I will arise and go now, and go to Innisfree,
And a small cabin build there, of clay and wattles made:
Nine bean-rows will I have there, a hive for the honey-bee,
And live alone in the bee-loud glade.

And I shall have some peace there, for peace comes dropping slow,
Dropping from the veils of the mourning to where the cricket sings;
There midnight's all a glimmer, and noon a purple glow,
And evening full of the linnet's wings.

I will arise and go now, for always night and day
I hear lake water lapping with low sounds by the shore;
While I stand on the roadway, or on the pavements grey,
I hear it in the deep heart's core.

-- William Butler Yeats

Happy St. Patrick's Day!

When I was growing up in Cohasset, a very pretty small town on Massachusetts Bay, the then-majority population of Wasps tended to be suspicious of, and discriminate against, the Irish Catholics who were moving to such suburbs from the cities after World War II at an accelerating clip.

Indeed, the Wasps, or call them the "old Yankees,'' kept the latter out of the  town's private golf and yacht clubs for a long time. On my very long street, there were no Catholics except a family called HIll in which the husband had agreed to convert as a condition of marrying his Catholic fiancee.

Some of the Wasps believed that the Vatican told these people what to do from morning to night. The ritual of the weekly confessions at the  local Catholic church aroused some sardonic merriment. ("What do they do so much that requires all these confessions?'')

However, the  fish merchants loved them because Catholics were barred from eating meat on Fridays.

John F. Kennedy's election to the presidency in 1960 accelerated the move away from such bias. Of course, JFK was no model of morality, Catholic or otherwise. But he was, at least in public, cool, elegant and urbane -- sort of what the Wasps saw themselves as, at least the sober ones.

The Wasps  tended to also dislike the  (the almost entirely Catholic) Italians, although there were far fewer of them than Irish in the town. As "mackerel snapper'' was used to describe the Irish, so "fruit peddler'' was applied to the Italians.

The Irish tended to be singled out for allegedly being political crooks and the Italians for allegedly being connected to the Mafia.

The Yankee complaints about the Irish and Italians included that they had too many children (although the Wasps were having a lot of them back then, too -- including my own thermonuclear family, with its five kids). I think that a fear was that the Irish would rapidly reproduce themselves into total power, and then make everyone else take orders from the Pope.

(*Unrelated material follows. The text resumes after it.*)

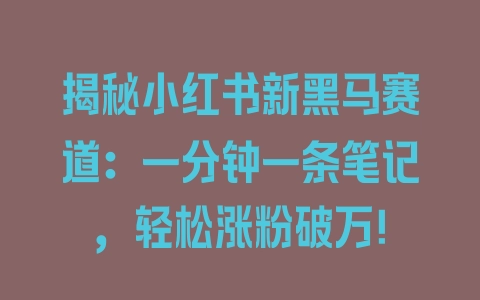 揭秘小红书新黑马赛道：一分钟一条笔记，轻松涨粉破万！ - 塑业网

Years later, when I worked in Boston, I was surprised to learn that there was also considerable antagonism there between the Irish, based in South Boston, and the Italians, based in the North End, with slurs (and sometimes worse) flying back and forth. The Wasps, whose proportion of the population was plunging, were seen as quirky and musty has-beens.

The ethnic clannishness has faded a lot since then. Now widening economic gaps fuel the most anger in Boston.

Of course, the religious-ethnic lines can be fuzzy. Yeats, the greatest Irish poet, was of Protestant background.